§ **What you should do**
All lines from the opening of the material up to and including the line with "Chaise longue de" should be transcribed exactly, pictures excepted.

§ **Source material**
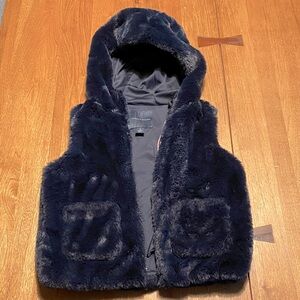 Girls navy faux fur vest with hood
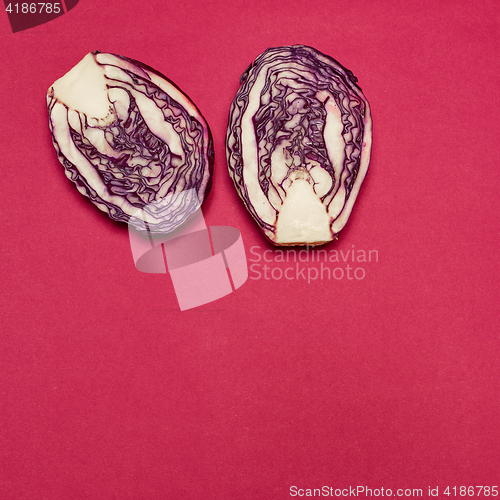 Image of Red cabbage on a red background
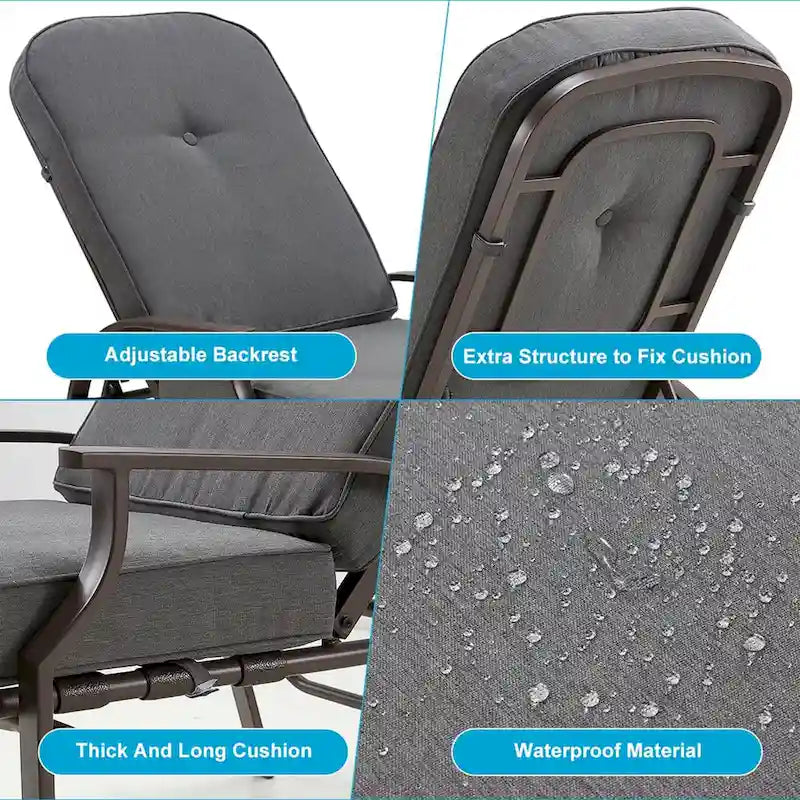 Chaise longue de patio réglable AECOJOY (ensemble de 2)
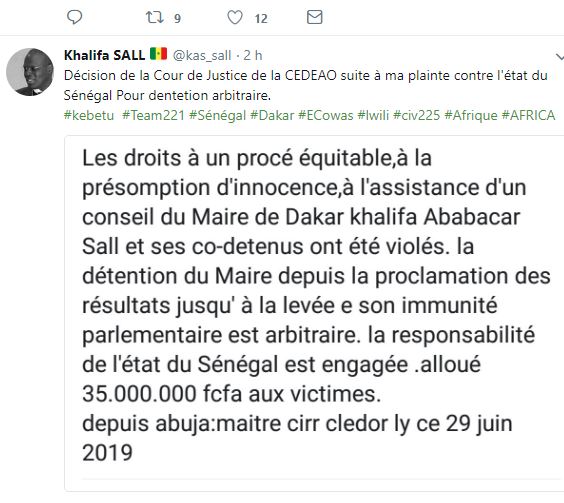 Saisine Cour de justice de la CEDEAO par Khalifa Sall : l'avocat Ciré Clédor Ly donne le verdict d'Abuja Saisine Cour de justice de la CEDEAO par Khalifa Sall : l'avocat Ciré Clédor Ly donne le verdict d'Abuja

§ **Reply to the exercise**
 Girls navy faux fur vest with hood
 Image of Red cabbage on a red background
 Chaise longue de patio réglable AECOJOY (ensemble de 2)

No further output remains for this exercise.